REQUIREMENT »
Look below for the line containing "Hello and welcome"; from there through the line containing "Again, you can", both lines included, please set down each line exactly and nothing else.

AVAILABLE DATA »

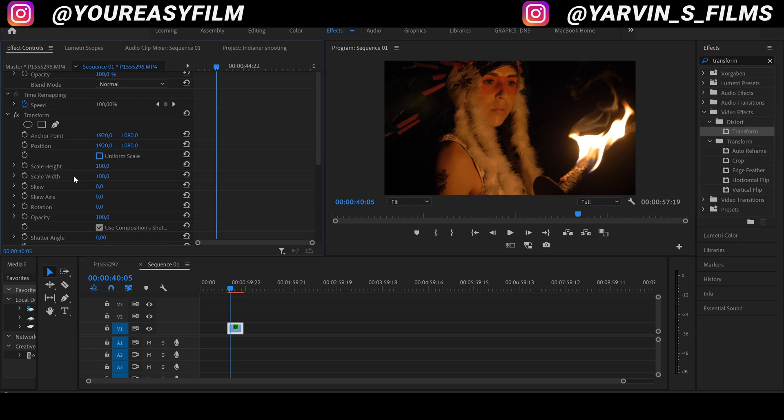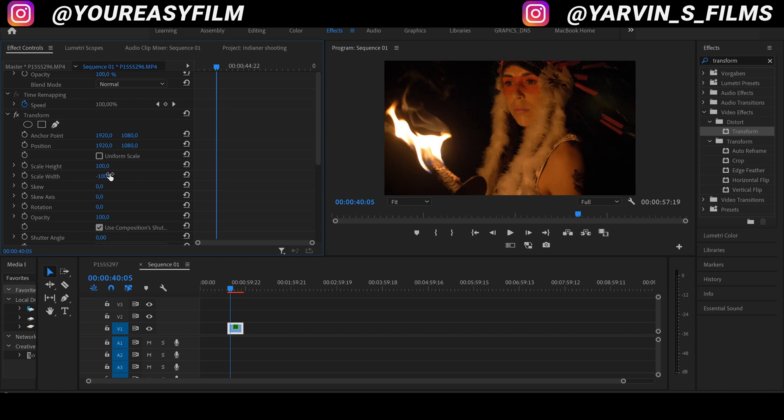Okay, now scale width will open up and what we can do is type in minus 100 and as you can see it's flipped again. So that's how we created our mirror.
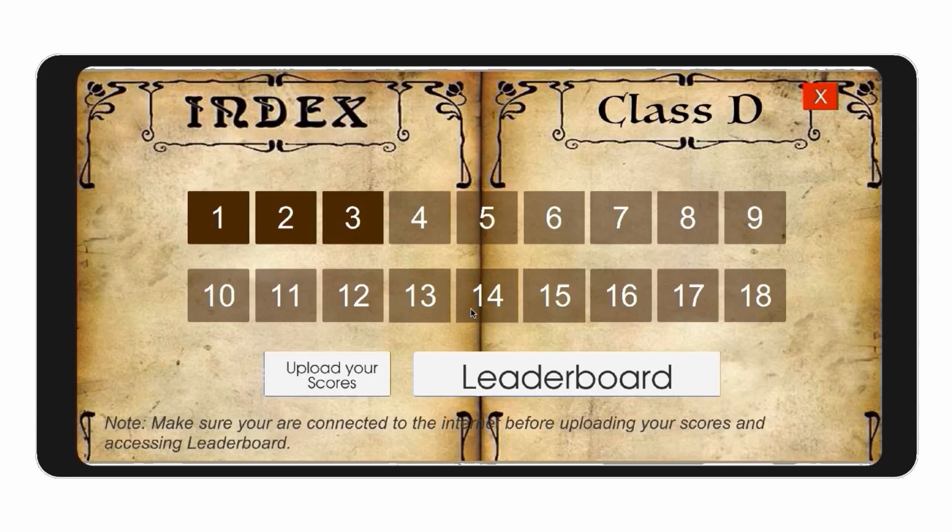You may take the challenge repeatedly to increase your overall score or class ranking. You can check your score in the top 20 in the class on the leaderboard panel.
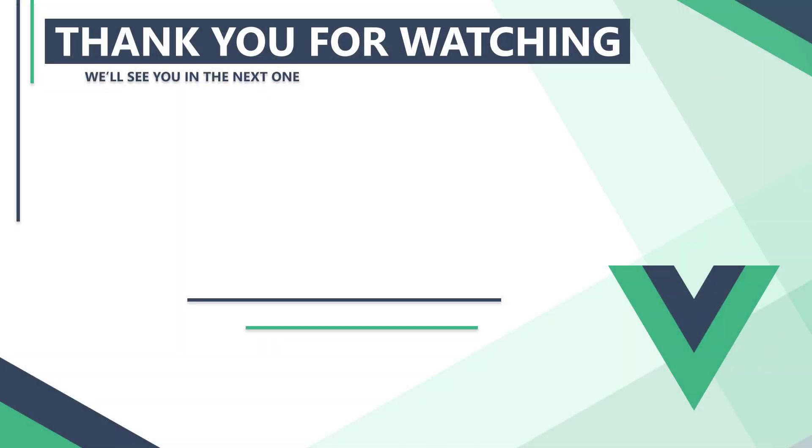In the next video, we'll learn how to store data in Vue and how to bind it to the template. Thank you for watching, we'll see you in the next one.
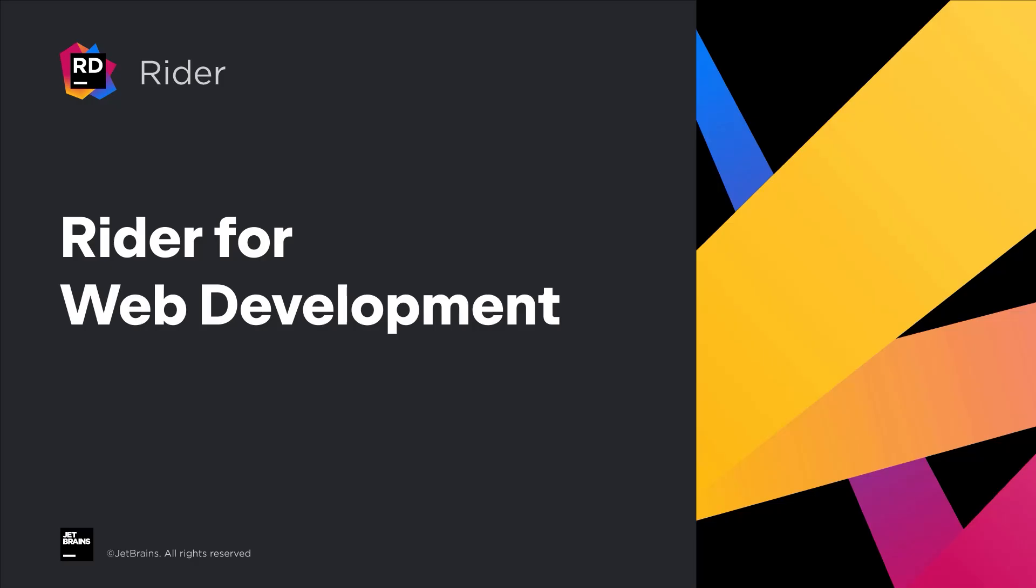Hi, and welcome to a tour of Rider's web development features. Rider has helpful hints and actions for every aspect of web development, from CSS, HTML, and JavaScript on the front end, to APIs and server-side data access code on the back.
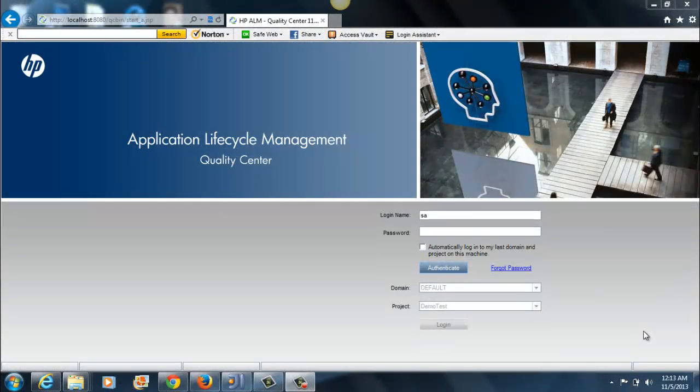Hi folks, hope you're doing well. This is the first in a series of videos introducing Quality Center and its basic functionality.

* * *

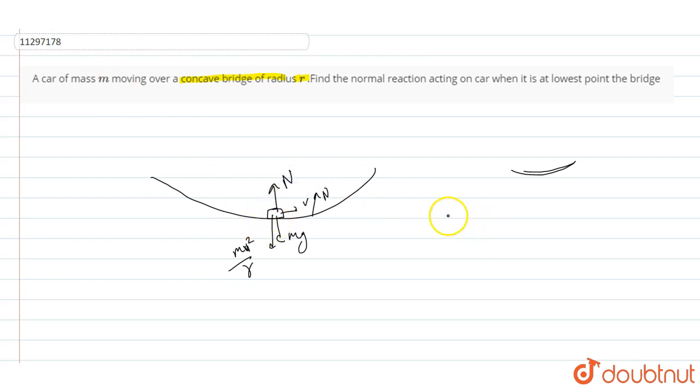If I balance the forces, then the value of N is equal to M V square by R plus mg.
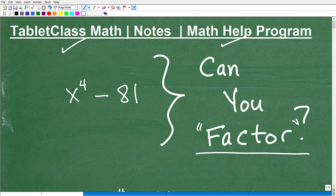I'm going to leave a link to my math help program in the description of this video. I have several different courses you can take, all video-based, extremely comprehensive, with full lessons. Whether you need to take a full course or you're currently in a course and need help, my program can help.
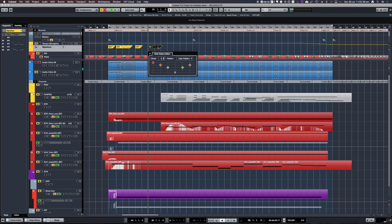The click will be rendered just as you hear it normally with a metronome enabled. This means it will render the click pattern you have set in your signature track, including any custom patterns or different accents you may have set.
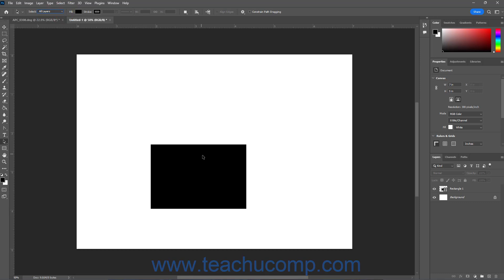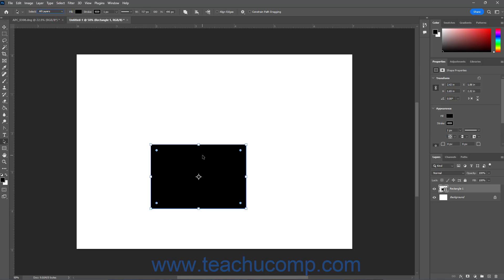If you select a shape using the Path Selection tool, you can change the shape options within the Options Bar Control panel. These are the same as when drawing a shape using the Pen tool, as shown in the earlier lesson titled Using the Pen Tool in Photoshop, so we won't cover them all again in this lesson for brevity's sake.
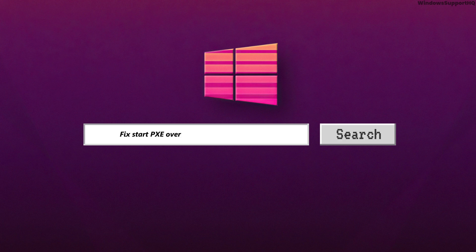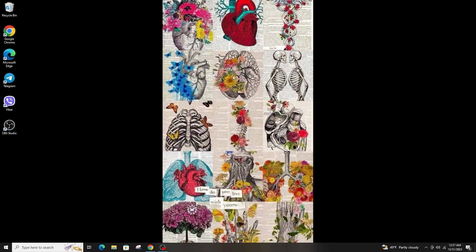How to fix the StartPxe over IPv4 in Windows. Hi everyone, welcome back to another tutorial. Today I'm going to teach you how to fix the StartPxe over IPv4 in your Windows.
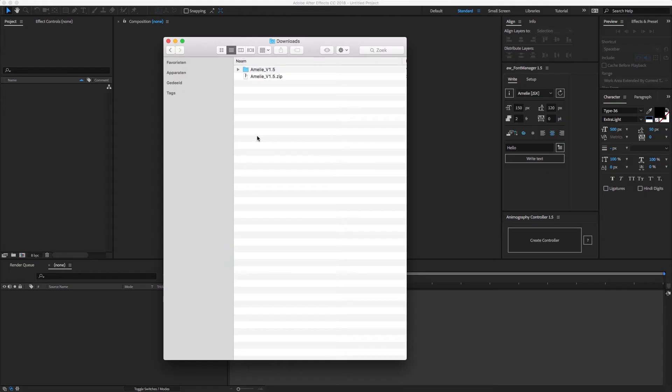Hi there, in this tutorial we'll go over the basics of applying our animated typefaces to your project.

...

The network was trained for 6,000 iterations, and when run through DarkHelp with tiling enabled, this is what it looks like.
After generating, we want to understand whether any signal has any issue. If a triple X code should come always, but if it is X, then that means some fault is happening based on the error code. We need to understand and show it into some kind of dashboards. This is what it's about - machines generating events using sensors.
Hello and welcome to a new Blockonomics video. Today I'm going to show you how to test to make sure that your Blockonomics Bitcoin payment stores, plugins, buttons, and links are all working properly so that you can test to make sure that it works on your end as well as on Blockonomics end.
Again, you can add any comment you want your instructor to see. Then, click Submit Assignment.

RESPONSE TO THIS EXERCISE »
Hello and welcome to a new Blockonomics video. Today I'm going to show you how to test to make sure that your Blockonomics Bitcoin payment stores, plugins, buttons, and links are all working properly so that you can test to make sure that it works on your end as well as on Blockonomics end.
Again, you can add any comment you want your instructor to see. Then, click Submit Assignment.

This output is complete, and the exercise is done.